Hundreds of billions have apparently disappeared from the Treasury through crafty ‘accounting’ and ‘typing errors’. Tens of billions have evaporated through ‘secret’ National Security Intelligence Service accounts.
And there are credible reports that assets worth thousands of billions of shillings, ostensibly belonging to Muammar Gaddafi – including the Laico Grand Regency hotel, Oilibya and other lucrative oil interests, are actually in the hands of ‘lords of impunity’ here in Kenya.
Apparently, even the alleged ‘Chinese’ company, Pan African Network Group Ltd, to which the Communications Commission of Kenya has just controversially awarded a lucrative digital distribution licence – only days after the company was registered – is not ‘Chinese’ after all, but in fact belongs to local interests.
It’s just like the mysterious ‘foreign’ companies given hundreds of acres of fertile agricultural land at the Coast, and the dubious ‘foreign’ company given land at Jomo Kenyatta International Airport – all belong to the same ‘high and mighty’ among us.

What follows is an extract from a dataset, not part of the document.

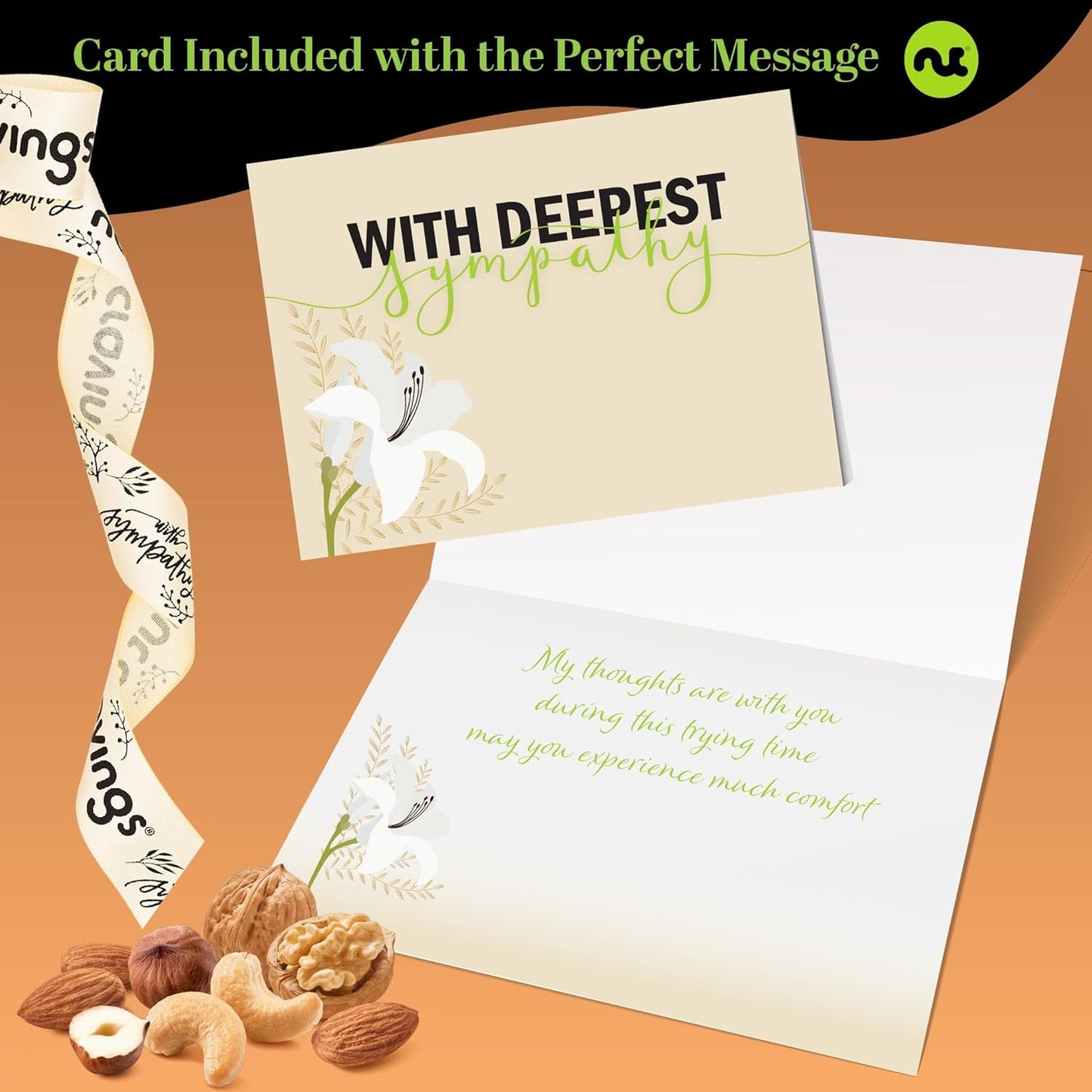 NUT CRAVINGS Gourmet Collection - Sympathy Condolence, Nuts Gift Basket with Sympathy Ribbon + Greeting Card in Reusable Wooden Tray (12 Assortments) Food Platter Healthy Snack Care Package, Food Assortments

Keen analysts are also raising questions about Uhuru Kenyatta’s trillion-shilling-plus budget, when the past nine years have seen the worst plunder of public funds by the ‘merchants of impunity’.
No one could have carried out such brazen thefts without the connivance of top government officials, including in the NSIS, the police and the state law office, yet no criminal kingpin has been charged. Tobiko, Lumumba, Iteere and CID director Ndegwa Muhoro have done absolutely nothing about these cases.
Tobiko has no training or experience in criminal law. He specialised in trademark and patents, an arcane area of intellectual property law that prepares lawyers for teaching, research and drafting trademark and patents agreements. Such training ill-equips someone to be DPP in a developing country where the justice system has never really worked.
Tobiko’s more than five years at the state law office exemplify why suitability, competence and integrity are core values in public officers. If an individual lacks relevant experience, training, reform credentials, innovation, good leadership qualities and courage, it doesn’t matter how well managed the institution is. That’s why the Constitution dedicates a whole chapter to leadership and integrity!
During Tobiko’s time, our public institutions suffered runaway corruption, ineptitude, lack of independence, personal inertia, institutional lethargy and a status-quo mentality. Tobiko never successfully prosecuted any major or known criminal.
Instead, an avalanche of mega-corruption cases and human rights abuses spiralled out of control – Anglo Leasing, Triton, Ken-Ren, Grand Regency, the Standard Group attack, the extra-judicial killings of suspected Mungiki members and the carnage of post-election violence. Tobiko failed to prosecute any major perpetrator – even those caught on live television committing heinous crimes!
Recently, we were told Tobiko had ‘seconded’ some prosecutors to Iteere to assist with the ‘investigation’ of the Mercy Keino case. Later, the media reported Iteere announcing he had sent the file to Tobiko for ‘further directions’. Then Tobiko was reported to have ‘instructed’ Iteere to do further ‘investigations’. What is this run-around? It was the clearest demonstration yet that neither gentleman is familiar with our new governance and system of justice structures.
Art. 245(4)(a)(b) and (c) provides that “no person may give direction to the Inspector General with respect to the investigation of any particular offence or offences; the enforcement of the law against any particular person or persons; or the employment, assignment, promotion, suspension or dismissal of any member of the National Police Service.”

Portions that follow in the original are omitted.